Closed spkrka closed 4 years ago
This has been discussed in #65. As stated there, I am reluctant to remove the synchronize given that duplicate
is not documented as thread safe.
Is this actually causing issues for you in real world usage? The synchronize is very limited in scope.
Yes, we noticed significant blocks on this synchronized using JFR during heavy load.
It does not really matter if duplicate is thread-safe or not, since the state of the bytebuffer is effectively immutable.
I also created some benchmarks using JMH to compare sync vs non-sync solution: I have both the code and the results in this commit: https://github.com/spkrka/MaxMind-DB-Reader-java/commit/76b3be0f26f4ea8cb3b9a092d294d2281b0b4b74
Benchmarks ran on a 32-core machine with Java 11
Summary of benchmark data:
* Performance is the same when threads <= 4
* Sync version throughput goes down as number of concurrent threads increase >= 32
* Non-sync version throughput stabilizes when increasing threads beyond cores.
* At 32 concurrent threads, non-sync version supports about 40% more throughput
* At 32 concurrent threads, the 95-percentile of latency is:
60 microseconds per op for non-sync and
580 microseconds per op for sync
duplicate
makes no guarantees that it will not mutate the state of the original buffer in some way as it runs. This is what I mean by not being documented thread-safe. That said, it seems hard to imagine a reason why any possible implementation would do this.

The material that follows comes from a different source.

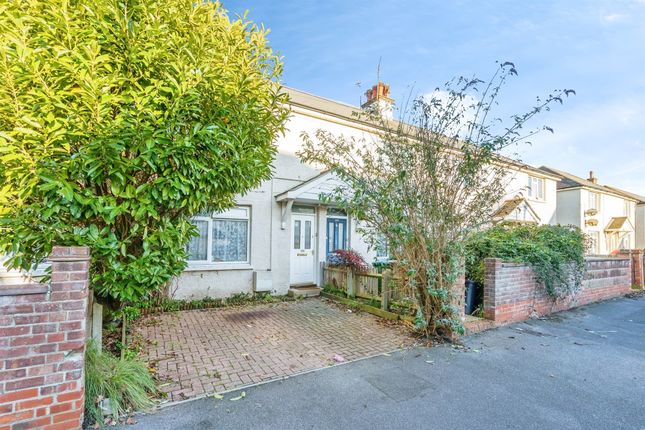 Flat for sale in Gravits Lane, Bognor Regis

Given that you see significant lock contention at just 32 threads, perhaps the very small risk of some potential implementation introducing a data race is worthwhile. In the linked issue, the person was using 5000 threads.
I suppose if you have a read-only-buffer, the java implementation must not be allowed to mutate the content of the buffer - but as you say, that would be a weird thing for the java implementation to do regardless of whether it is read-only or not.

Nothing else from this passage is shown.